**WHAT TO DO**
Would you transcribe the lines running from the one that holds "Straight-cut black wool" to the last line of the records? Leave every picture out.

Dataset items

--- --- ---

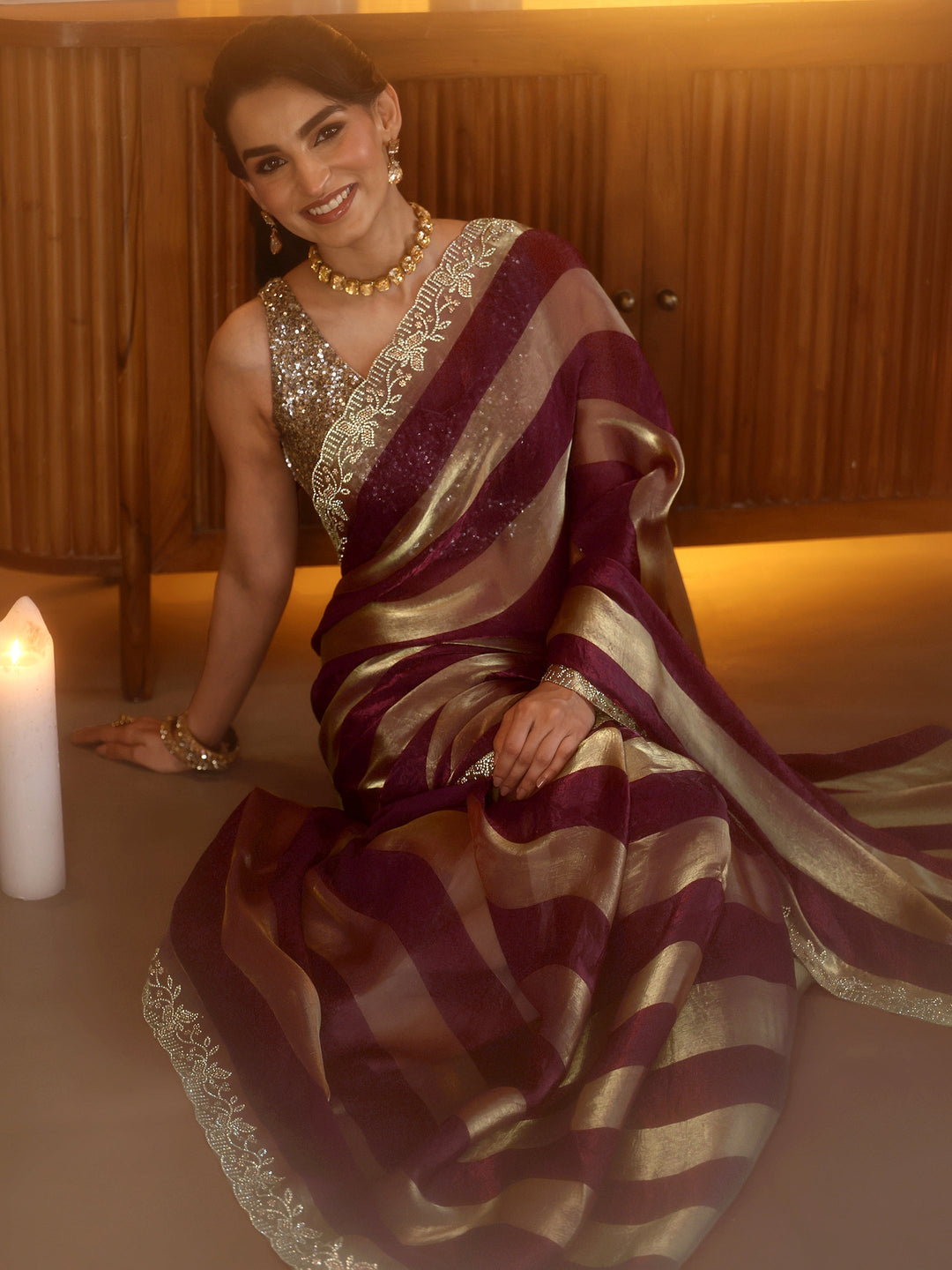 Burgundy Striped Silk Blend Saree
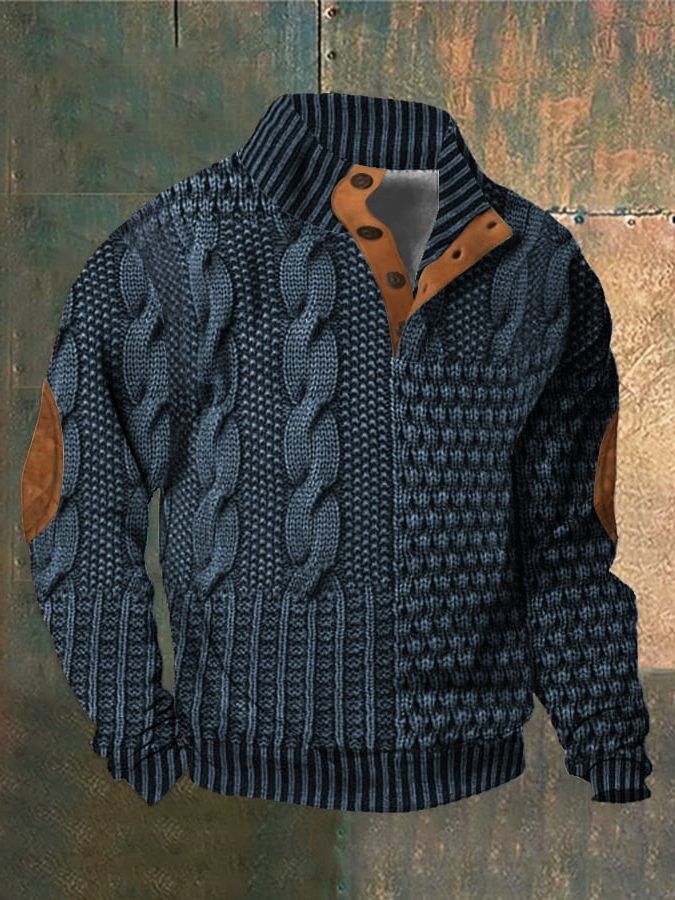 Men's Cable Knit Zip-Up Sweater – Casual Weekend Layer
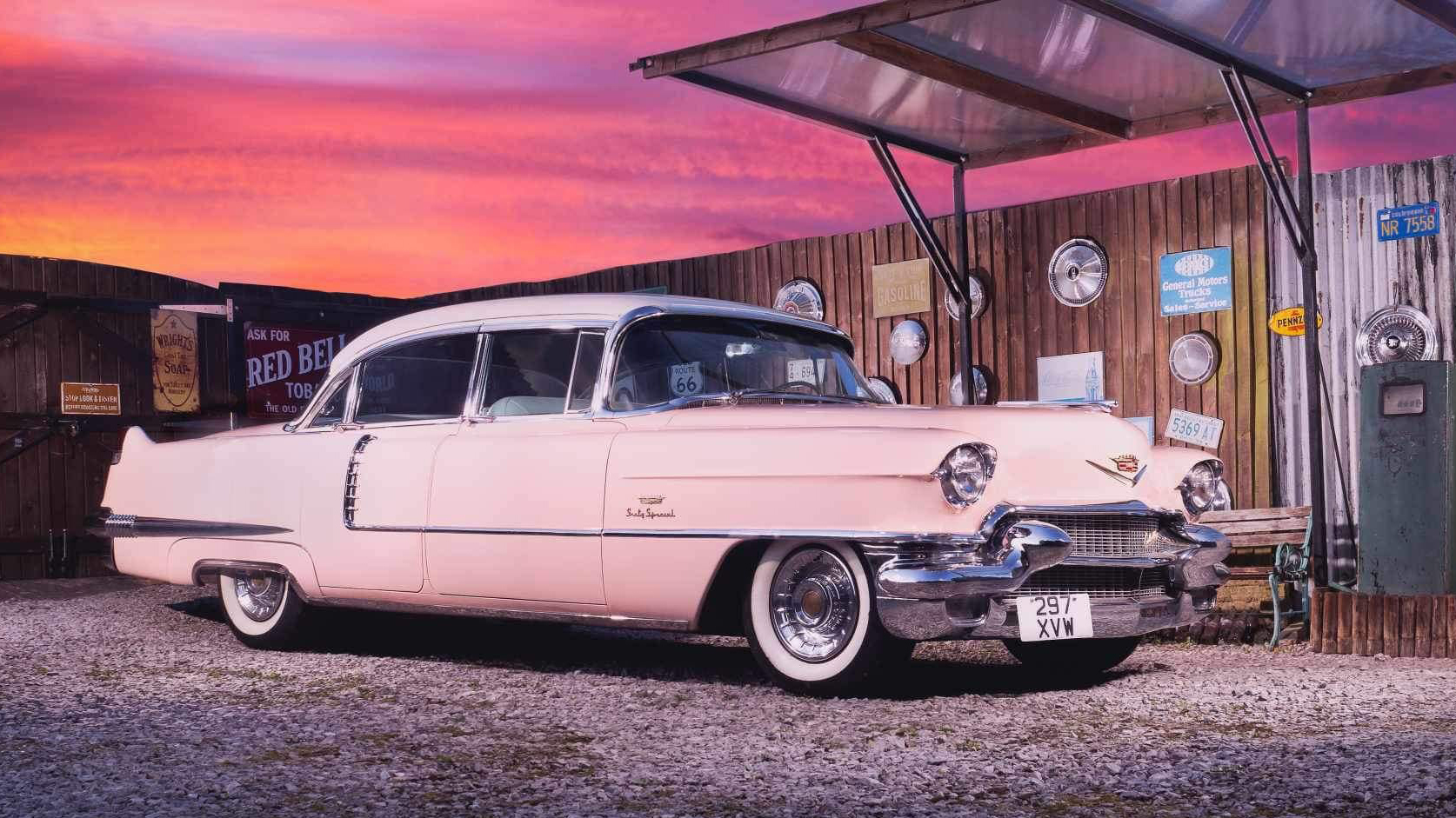 Classic Pink American Cadillac Fleetwood with pink sky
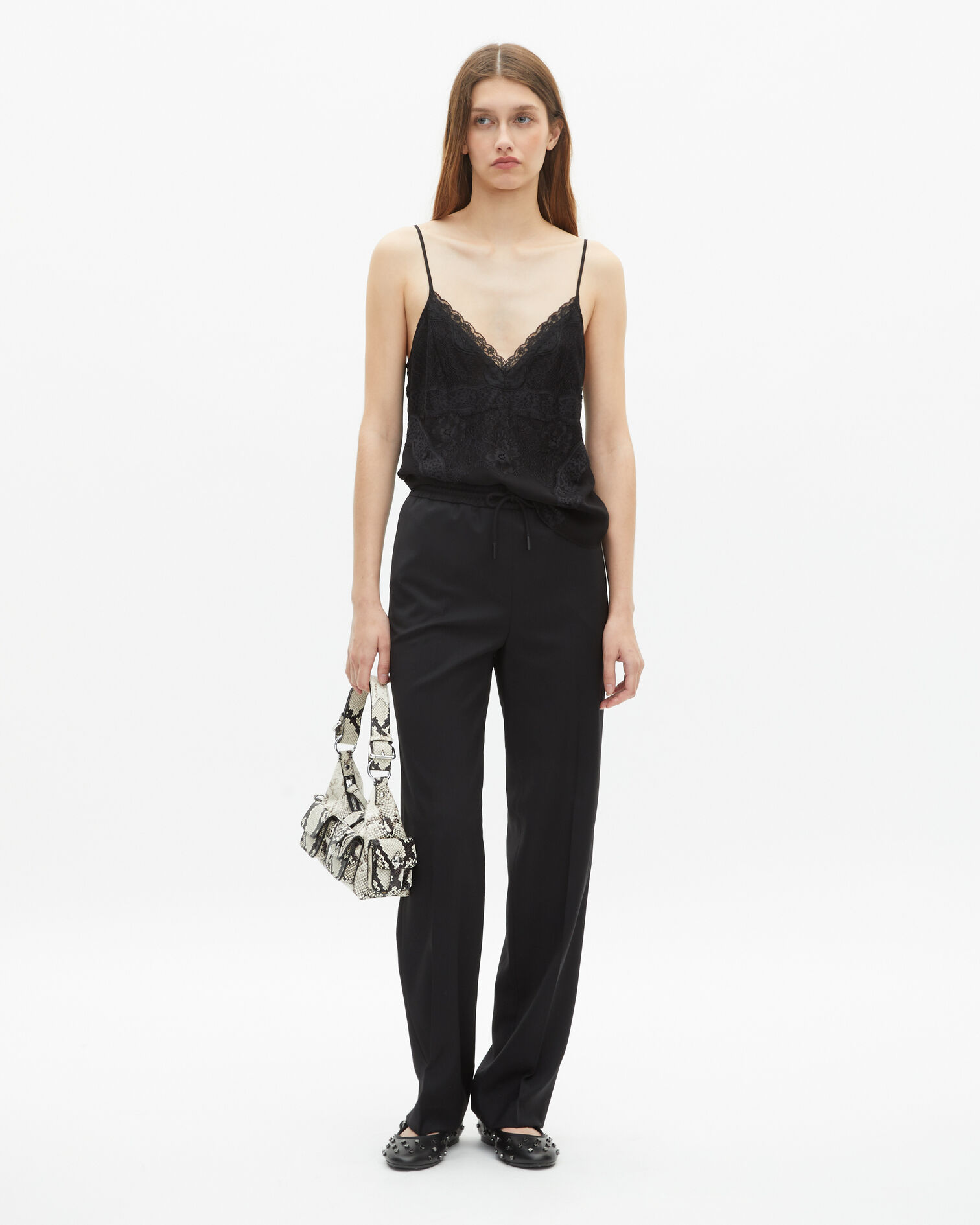 Straight-cut black wool pants, BLACK, hi-res image number null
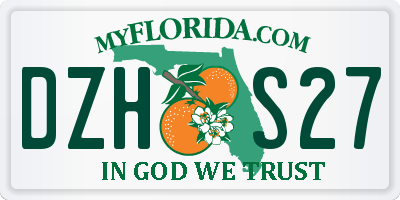 FL license plate DZHS27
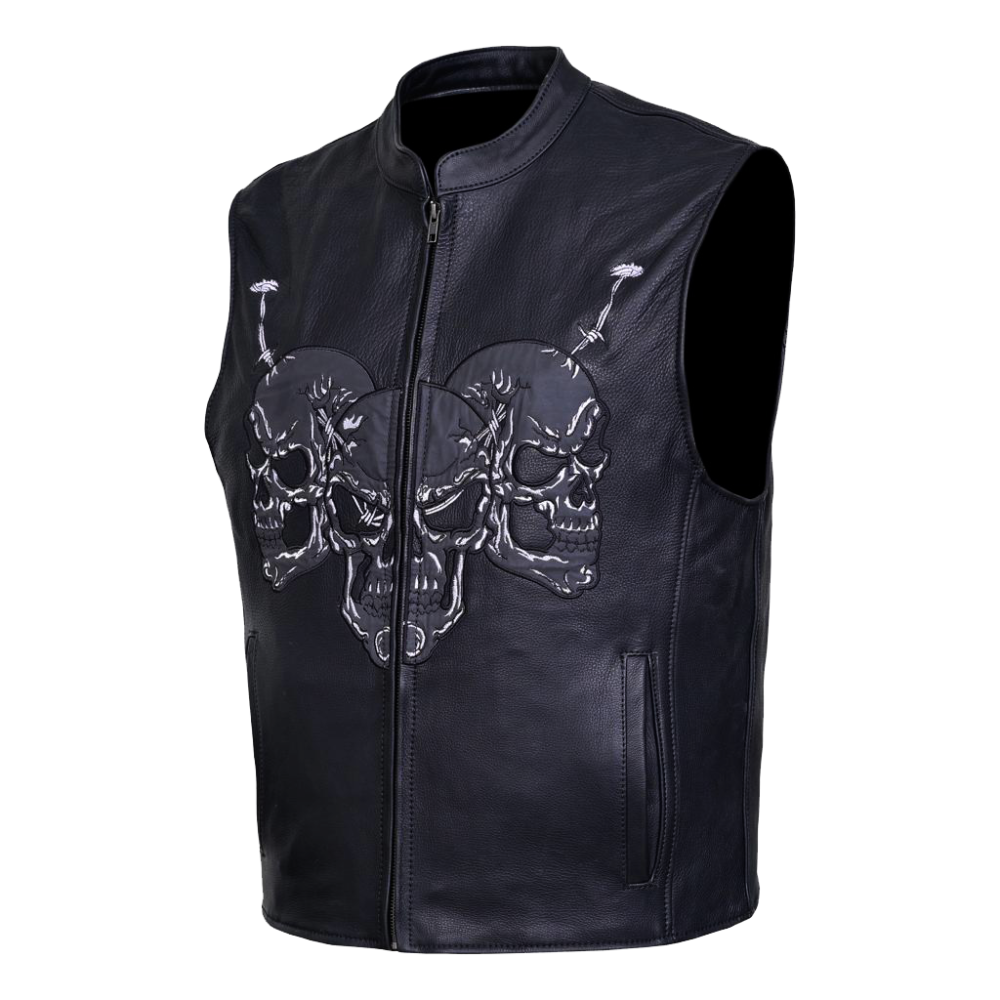 Riders Reflective Skull Leather vest (7)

--- --- ---

**SOLUTION FOR THIS TASK**
 Straight-cut black wool pants, BLACK, hi-res image number null
 FL license plate DZHS27
 Riders Reflective Skull Leather vest (7)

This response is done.